Cuban Senator from Camagüey
- In office 1954 – Jan 1959
- Succeeded by: Position abolished

Personal details
- Born: 8 April 1901 Camagüey, Cuba
- Died: 25 September 1983 (aged 82) Palm Beach, Florida
- Spouse: Elena Pollack Casuso
- Occupation: Businessman

= Guillermo Aguilera Sanchez =

Cuban politician and businessman

Guillermo Bernabe Aguilera y Sanchez (8 April 1901 in Camagüey, Cuba - 25 September 1983) was a Cuban politician and businessman.

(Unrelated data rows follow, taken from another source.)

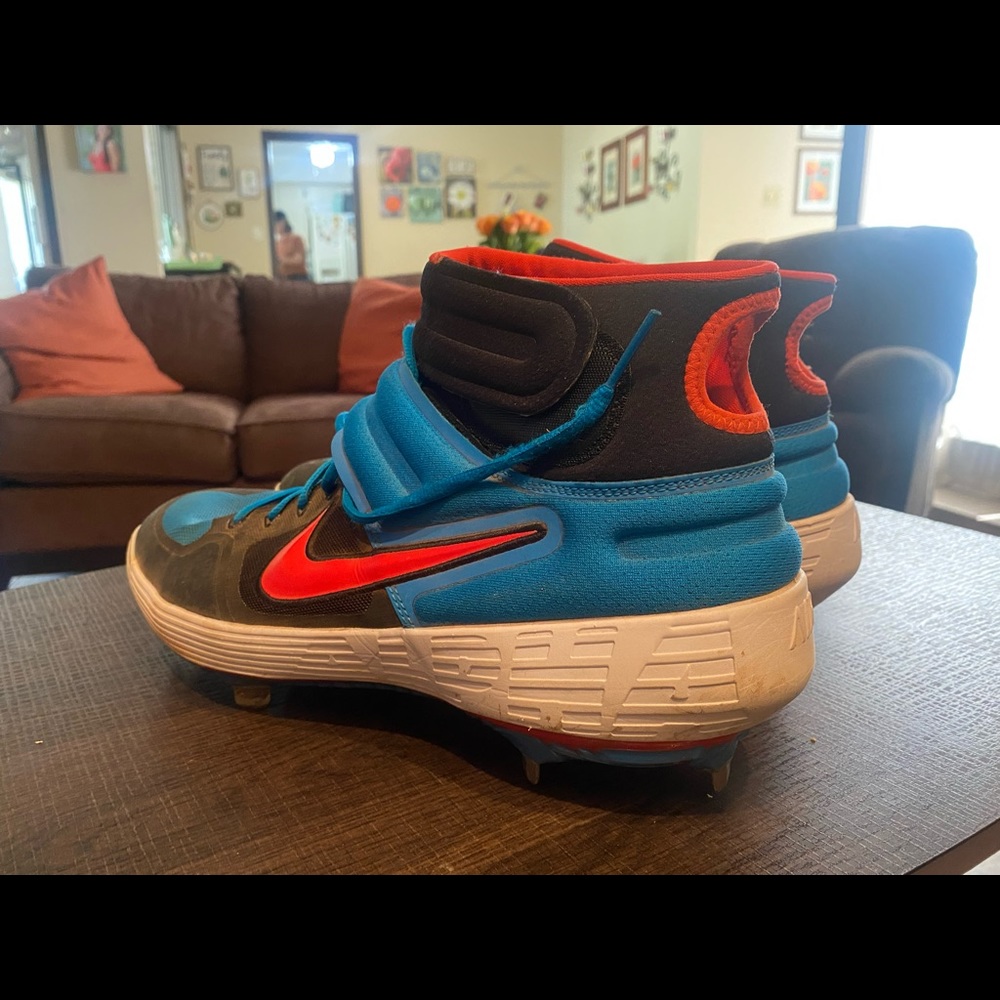 CUSTOM NIKE MENS HURACHE BASEBALL CLEATS SIZE 13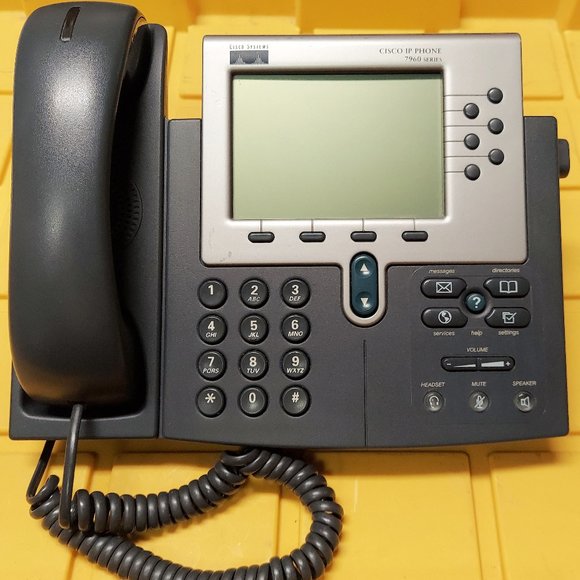 Cisco IP Phone 7960 Desk Telephone with Handset, adjustable base - Picture 1 of 2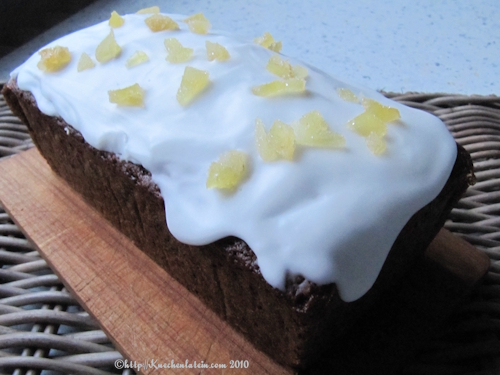 würziger Karotten & Ingwerkuchen mit Puderzuckerglasur überzogen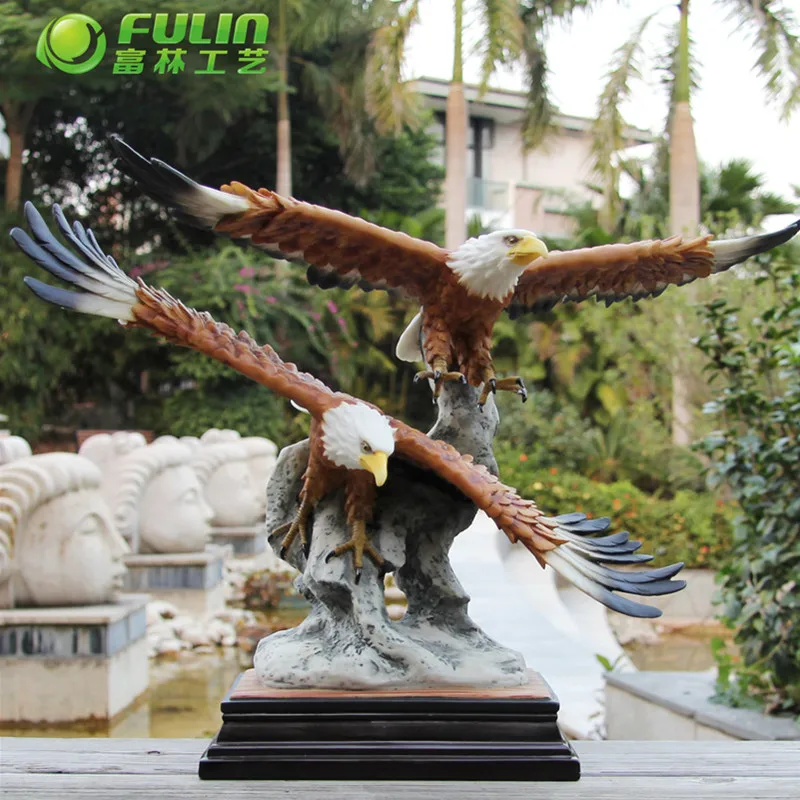 WEHOMY Statue d'aigle en résine Tête d'aigle Ornement Résine Artisanat  Bureau Style Européen Tête d'aigle Sculpture : : Cuisine et Maison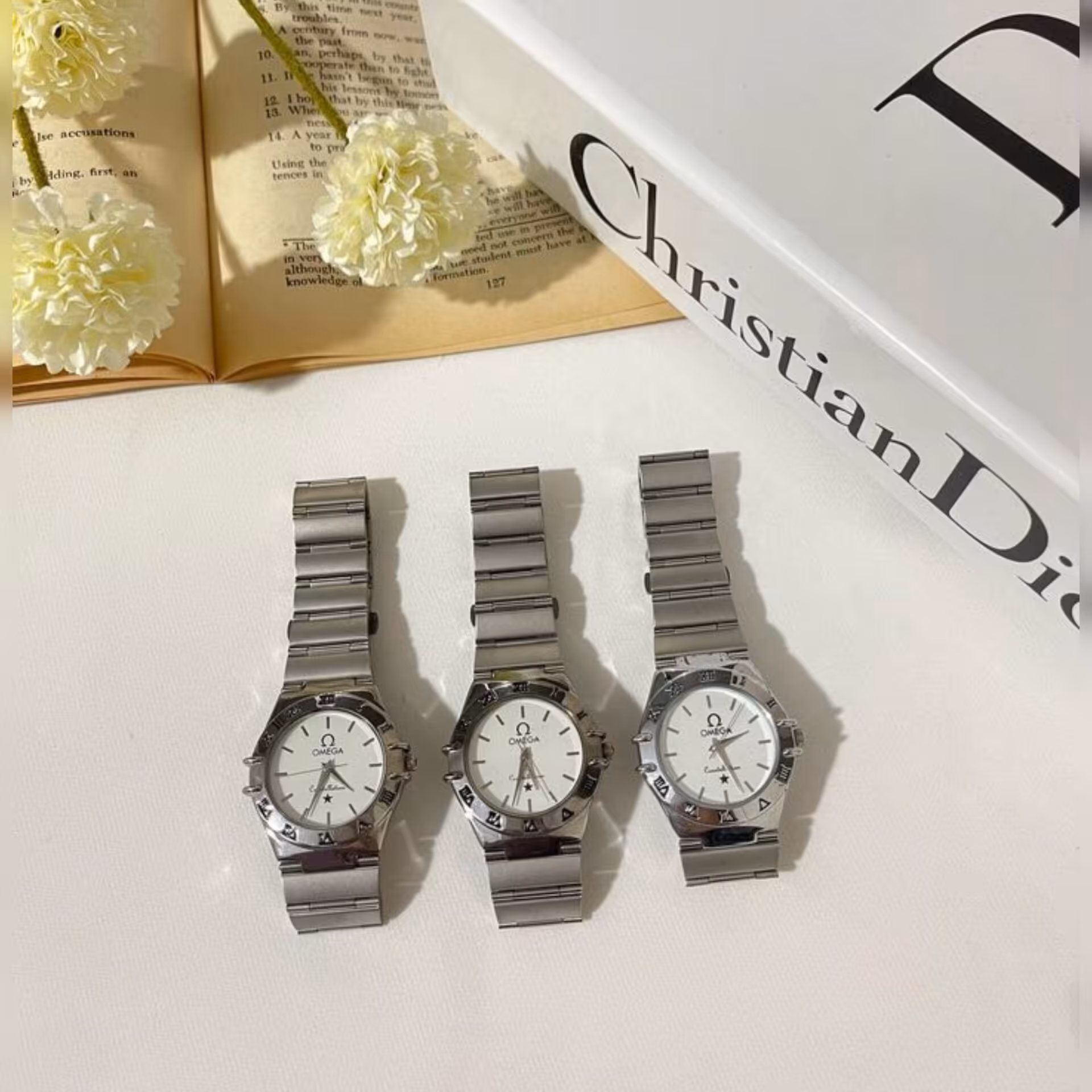 ساعت طرح امگا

Aguilera was a Senator from Camagüey from 1954 until 1959. He was one of the largest rice growers in Cuba. He was the owner of Finca San Antonio (Plantation San Antonio) which was 1000 caballerias (33,200 acres) with 600 caballarias (19,920 acres) dedicated to growing rice. In 1953, he purchased 1700 cabillarias (56,440 acres) for $750,000. He was also the owner of a rice mill company "Molino de Arroz, S.A.".

==Family==
Aguilera was married to Elena Pollack Casuso (1911–1966), the daughter of Mark A. Pollack, a tobacco exporter. They had three children: Alina, Elena, and Guillermo Bernabe Aguillera-Pollack.
He was the brother-in-law of the Mercedes de la Torre y Alcoz, Marquesa de Arcos and grand-uncle of the South Florida radio personality, Henry Pollack.